Scores of Jefferson City employees milled about in The Linc, playing cornhole and “volley pong,” shooting baskets and eating their lunches.
They laughed at colleagues’ jokes and slapped one another on the back after a particularly good shot.
All the while, they gave wide berth to a table in the midst of the fun.
On the table stood a “Pie Face!” game, its shiny, hard plastic, purple hand prepared to sour someone’s day.
The gathering was all for a good cause, according to Todd Spalding, the city’s director of Parks, Recreation and Forestry. It was a fundraiser and rally for the United Way of Central Missouri.

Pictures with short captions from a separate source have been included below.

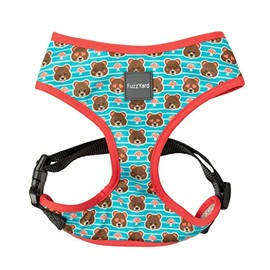 FuzzYard Fuzz Bear Teddy Bear Dog Premium Vest Harness with Adjustable Straps (Extra Small)
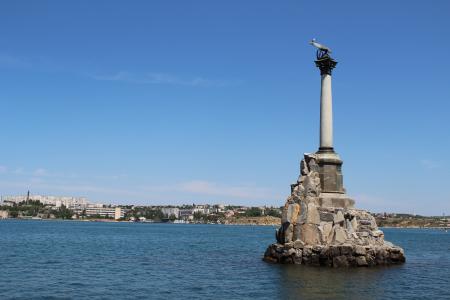 塞瓦斯托波尔, 俄罗斯, 克里米亚半岛, 海洋, 端口, 雕像, 内存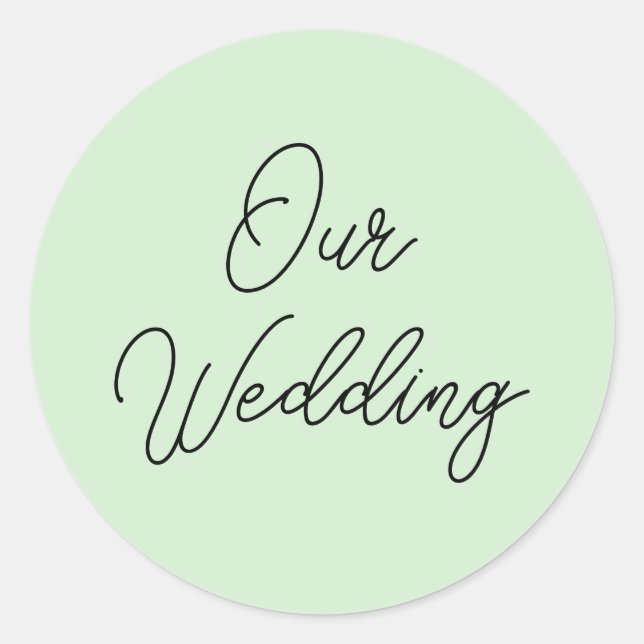 Adesivo Redondo Nossos Selos de Convite para Casamento (Frente)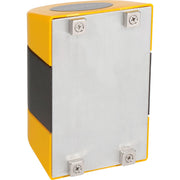 Magnetic Retractable Belt Barrier by Global Industrial – ABS Plastic, Yellow, Model GLOBAL-MWP400Y-YBC150
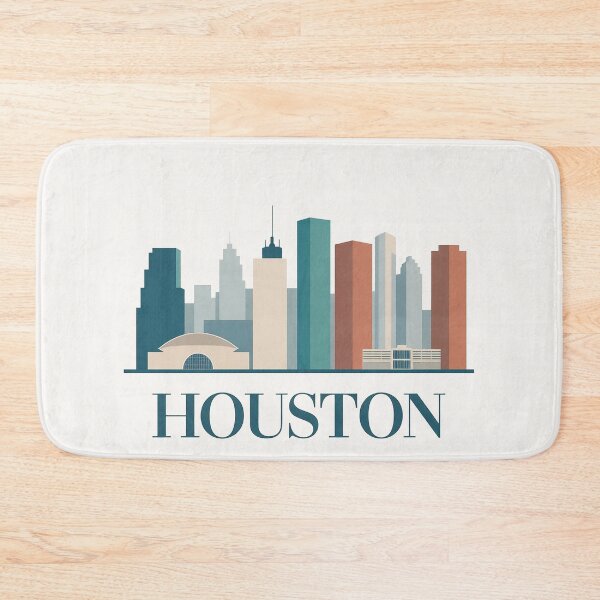 Item preview, Houston Skyline Silhouette Design - Retro Gift for Travel Lover designed and sold by MoonSkyArt.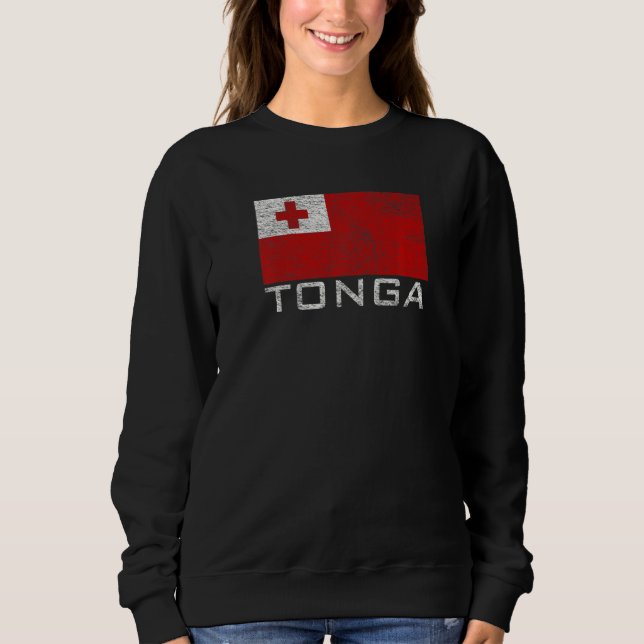 Camiseta Bandeira Nacional de Tonga (Frente)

Spalding was one of three city leaders who would sit at the table and take their chances with a potential face full of whipped cream. Mayor Carrie Tergin and Fire Department Chief Matthew Schoffield joined him at the table.
Each took turns, placing their chins on the game piece, clicking a dial and hoping the device didn’t release the hand.
Schoffield was the first to receive a face full of whipped topping.
Then, Tergin was victimized.
That left Spalding thinking he’d gotten away with something.
Not so fast.
For weeks, the city has been collecting pennies during Penny Wars. Jars with images of city leaders’ faces have filled with change and paper money over the summer. The two jars receiving the most money identified who among the directors would each receive a full-size pie in the face.
Donations for the pie challenge raised $1,067 for the United Way.
Spalding was one “winner.”
The other on Thursday was Sonny Sanders, director of planning and protective services within the traffic division.
And the victors of a corn hole tournament held during Thursday’s event — Nick Bax and Matt Ebeler — got the privilege of delivering the pies.
Employees circled around the men and cheered when they hit the directors’ faces with pies.
The corn hole tournament raised another $150 for the United Way.
Spalding laughed after the event.
“We (including Sanders) were the losers on multiple levels,” he said.
“It’s just fun to see all the staff coming together like this for a good cause. It’s just fun,” he said. “It tastes good.”
Tergin said she couldn’t remember any previous pie-in-the-face events the city had conducted. It has held dunking booths. She pointed out that she’s been dunked … a lot.
The events build teamwork and camaraderie, she said. It brings staff together who don’t interact often.
“We have fun activities every year. We do something new and different for the United Way every year,” Tergin said. “Our community is very generous and tries to set a good example.”